- [What to work on]: Transcribe the data exactly, stopping after the "Saucony Men's Endorphin" line.

(Records supplied Opens)

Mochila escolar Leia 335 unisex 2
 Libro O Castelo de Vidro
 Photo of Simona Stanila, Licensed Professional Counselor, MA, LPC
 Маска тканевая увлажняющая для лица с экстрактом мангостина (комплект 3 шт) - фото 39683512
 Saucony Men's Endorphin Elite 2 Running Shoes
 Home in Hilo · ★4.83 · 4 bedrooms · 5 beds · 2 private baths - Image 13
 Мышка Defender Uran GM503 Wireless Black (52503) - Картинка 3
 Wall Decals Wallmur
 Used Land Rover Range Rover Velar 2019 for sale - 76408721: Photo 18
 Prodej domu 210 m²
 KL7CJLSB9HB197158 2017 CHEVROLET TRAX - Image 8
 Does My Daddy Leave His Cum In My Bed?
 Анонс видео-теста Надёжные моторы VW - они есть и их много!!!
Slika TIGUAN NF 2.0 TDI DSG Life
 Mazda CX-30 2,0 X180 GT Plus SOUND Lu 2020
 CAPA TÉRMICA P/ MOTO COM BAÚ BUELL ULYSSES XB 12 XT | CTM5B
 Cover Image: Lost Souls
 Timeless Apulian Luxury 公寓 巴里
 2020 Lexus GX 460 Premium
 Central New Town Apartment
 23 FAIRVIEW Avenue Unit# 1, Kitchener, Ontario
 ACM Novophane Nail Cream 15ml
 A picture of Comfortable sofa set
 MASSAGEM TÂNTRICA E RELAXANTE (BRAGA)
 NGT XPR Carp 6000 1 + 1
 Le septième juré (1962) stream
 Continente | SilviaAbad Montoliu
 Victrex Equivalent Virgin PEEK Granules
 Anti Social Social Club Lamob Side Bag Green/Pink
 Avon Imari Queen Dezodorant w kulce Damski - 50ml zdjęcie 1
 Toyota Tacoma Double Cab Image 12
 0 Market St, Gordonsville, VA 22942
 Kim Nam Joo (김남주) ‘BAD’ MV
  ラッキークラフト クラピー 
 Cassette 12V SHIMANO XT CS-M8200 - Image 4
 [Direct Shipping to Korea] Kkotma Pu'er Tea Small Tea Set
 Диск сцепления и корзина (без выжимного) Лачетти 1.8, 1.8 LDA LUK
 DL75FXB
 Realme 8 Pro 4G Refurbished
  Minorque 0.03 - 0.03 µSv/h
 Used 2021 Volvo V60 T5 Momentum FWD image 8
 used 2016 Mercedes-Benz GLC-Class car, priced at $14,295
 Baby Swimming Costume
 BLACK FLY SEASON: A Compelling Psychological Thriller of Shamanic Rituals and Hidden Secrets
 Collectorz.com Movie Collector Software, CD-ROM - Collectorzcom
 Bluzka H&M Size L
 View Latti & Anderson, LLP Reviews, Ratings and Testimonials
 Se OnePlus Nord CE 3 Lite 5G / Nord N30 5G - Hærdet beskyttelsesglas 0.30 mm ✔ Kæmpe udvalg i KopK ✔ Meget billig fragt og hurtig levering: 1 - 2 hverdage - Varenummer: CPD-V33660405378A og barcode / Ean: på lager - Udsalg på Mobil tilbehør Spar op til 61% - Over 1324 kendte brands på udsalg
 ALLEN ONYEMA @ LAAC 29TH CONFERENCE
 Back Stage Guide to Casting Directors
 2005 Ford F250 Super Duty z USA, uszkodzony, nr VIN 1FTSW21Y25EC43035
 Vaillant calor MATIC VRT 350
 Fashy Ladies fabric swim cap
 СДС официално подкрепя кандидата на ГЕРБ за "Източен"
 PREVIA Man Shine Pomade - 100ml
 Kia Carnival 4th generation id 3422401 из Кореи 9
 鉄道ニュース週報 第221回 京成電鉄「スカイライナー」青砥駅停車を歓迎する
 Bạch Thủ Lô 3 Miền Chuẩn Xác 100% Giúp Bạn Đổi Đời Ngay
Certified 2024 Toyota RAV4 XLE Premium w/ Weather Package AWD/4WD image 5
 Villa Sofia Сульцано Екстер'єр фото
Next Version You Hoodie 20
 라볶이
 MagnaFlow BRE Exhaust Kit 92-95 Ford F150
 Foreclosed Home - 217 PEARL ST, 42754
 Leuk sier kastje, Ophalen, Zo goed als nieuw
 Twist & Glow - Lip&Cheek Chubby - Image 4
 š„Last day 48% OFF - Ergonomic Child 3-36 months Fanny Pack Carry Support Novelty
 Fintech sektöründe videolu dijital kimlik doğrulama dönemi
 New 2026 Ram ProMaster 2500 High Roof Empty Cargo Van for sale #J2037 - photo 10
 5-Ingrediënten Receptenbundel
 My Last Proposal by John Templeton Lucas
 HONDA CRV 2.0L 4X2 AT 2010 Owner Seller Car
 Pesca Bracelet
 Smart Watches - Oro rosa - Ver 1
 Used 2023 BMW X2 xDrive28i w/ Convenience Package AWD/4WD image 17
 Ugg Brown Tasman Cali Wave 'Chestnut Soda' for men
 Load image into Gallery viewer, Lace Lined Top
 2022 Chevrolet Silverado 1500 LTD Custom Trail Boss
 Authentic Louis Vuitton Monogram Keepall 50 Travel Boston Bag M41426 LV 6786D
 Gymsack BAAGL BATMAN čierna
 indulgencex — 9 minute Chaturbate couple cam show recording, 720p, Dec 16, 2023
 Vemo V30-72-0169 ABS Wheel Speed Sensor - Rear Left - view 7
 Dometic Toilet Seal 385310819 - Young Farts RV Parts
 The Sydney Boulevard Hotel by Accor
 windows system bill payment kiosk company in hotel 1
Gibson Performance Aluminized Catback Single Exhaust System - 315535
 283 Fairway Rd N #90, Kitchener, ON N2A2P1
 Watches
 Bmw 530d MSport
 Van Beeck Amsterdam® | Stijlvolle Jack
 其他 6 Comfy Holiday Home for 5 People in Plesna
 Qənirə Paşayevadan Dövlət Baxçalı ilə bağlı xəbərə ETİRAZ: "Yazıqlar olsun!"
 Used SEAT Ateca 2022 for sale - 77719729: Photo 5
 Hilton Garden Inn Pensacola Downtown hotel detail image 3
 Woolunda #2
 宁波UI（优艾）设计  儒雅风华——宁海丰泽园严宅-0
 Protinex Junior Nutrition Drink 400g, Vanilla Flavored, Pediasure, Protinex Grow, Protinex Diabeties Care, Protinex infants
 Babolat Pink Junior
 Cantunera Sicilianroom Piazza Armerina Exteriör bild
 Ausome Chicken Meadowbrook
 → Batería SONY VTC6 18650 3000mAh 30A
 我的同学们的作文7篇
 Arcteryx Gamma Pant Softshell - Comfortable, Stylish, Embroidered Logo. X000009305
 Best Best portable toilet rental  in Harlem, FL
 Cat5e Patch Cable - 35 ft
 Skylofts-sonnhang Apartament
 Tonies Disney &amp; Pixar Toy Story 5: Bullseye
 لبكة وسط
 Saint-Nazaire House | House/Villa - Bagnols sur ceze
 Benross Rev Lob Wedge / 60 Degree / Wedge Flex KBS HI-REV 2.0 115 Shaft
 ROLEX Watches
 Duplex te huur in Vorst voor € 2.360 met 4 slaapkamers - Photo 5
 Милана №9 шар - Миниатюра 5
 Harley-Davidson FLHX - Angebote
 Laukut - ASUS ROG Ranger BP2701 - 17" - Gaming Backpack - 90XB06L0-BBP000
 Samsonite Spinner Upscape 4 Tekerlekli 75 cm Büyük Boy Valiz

(Records supplied Closes)

- [Solution for this task]:
Mochila escolar Leia 335 unisex 2
 Libro O Castelo de Vidro
 Photo of Simona Stanila, Licensed Professional Counselor, MA, LPC
 Маска тканевая увлажняющая для лица с экстрактом мангостина (комплект 3 шт) - фото 39683512
 Saucony Men's Endorphin Elite 2 Running Shoes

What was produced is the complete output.